About this task>
What is the number of lines in the entries that include the word "photo"? Respond with the number only.

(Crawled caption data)
┌──

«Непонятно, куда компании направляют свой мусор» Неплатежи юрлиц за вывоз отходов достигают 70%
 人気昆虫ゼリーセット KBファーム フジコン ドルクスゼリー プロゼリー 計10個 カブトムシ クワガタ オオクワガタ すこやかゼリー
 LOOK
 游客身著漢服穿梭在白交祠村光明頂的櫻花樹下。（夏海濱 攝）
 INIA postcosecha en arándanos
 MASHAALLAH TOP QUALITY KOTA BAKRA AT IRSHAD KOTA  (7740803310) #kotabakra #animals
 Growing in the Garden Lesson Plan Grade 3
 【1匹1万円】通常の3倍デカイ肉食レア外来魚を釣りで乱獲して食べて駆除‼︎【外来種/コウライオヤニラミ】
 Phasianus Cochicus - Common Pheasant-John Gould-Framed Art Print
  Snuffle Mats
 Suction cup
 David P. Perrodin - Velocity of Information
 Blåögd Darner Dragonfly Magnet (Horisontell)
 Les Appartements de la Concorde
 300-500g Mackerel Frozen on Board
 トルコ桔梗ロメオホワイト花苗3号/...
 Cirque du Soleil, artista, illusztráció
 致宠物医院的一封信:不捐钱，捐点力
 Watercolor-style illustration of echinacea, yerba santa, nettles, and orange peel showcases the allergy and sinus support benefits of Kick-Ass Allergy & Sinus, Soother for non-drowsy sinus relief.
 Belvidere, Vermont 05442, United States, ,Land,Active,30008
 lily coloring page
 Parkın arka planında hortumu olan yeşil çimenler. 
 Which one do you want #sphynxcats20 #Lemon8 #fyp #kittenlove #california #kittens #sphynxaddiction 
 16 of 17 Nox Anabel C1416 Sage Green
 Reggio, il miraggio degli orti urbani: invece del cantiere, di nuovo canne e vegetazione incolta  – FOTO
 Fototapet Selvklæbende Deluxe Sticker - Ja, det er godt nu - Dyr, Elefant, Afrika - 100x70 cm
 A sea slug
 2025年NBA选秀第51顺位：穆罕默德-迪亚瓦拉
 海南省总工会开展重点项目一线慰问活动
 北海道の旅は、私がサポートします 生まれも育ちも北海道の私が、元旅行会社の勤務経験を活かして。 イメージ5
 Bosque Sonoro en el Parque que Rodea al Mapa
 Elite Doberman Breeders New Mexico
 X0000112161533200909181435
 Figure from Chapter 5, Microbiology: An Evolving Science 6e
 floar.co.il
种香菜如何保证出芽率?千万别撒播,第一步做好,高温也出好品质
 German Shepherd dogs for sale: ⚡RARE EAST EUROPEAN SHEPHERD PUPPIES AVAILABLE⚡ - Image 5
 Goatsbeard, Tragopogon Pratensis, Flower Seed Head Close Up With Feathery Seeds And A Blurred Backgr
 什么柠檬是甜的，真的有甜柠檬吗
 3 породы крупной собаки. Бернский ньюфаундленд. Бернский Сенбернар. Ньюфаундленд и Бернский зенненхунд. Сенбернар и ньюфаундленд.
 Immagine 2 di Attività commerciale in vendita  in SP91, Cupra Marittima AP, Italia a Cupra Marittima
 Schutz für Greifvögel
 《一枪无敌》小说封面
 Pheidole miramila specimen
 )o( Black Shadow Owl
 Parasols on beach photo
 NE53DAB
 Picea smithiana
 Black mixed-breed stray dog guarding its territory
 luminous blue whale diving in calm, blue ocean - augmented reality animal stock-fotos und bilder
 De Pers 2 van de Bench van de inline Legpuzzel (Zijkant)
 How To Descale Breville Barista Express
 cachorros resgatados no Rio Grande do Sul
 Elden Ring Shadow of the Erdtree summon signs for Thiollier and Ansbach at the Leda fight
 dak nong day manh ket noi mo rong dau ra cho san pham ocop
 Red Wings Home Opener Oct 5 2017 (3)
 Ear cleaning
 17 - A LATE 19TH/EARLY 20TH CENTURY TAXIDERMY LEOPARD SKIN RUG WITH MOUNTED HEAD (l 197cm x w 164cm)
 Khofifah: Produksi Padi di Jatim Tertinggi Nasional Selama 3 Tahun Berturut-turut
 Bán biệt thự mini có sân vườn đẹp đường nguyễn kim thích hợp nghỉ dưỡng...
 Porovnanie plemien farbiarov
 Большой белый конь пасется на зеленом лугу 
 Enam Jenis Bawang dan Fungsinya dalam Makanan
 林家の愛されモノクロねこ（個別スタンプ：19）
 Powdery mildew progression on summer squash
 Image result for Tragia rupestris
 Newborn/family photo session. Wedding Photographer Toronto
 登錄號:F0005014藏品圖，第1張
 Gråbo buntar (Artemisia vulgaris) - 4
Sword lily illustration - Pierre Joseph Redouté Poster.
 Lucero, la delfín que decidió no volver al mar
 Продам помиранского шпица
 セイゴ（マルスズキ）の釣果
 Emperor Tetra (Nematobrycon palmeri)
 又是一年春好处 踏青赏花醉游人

└──

Written reply>
2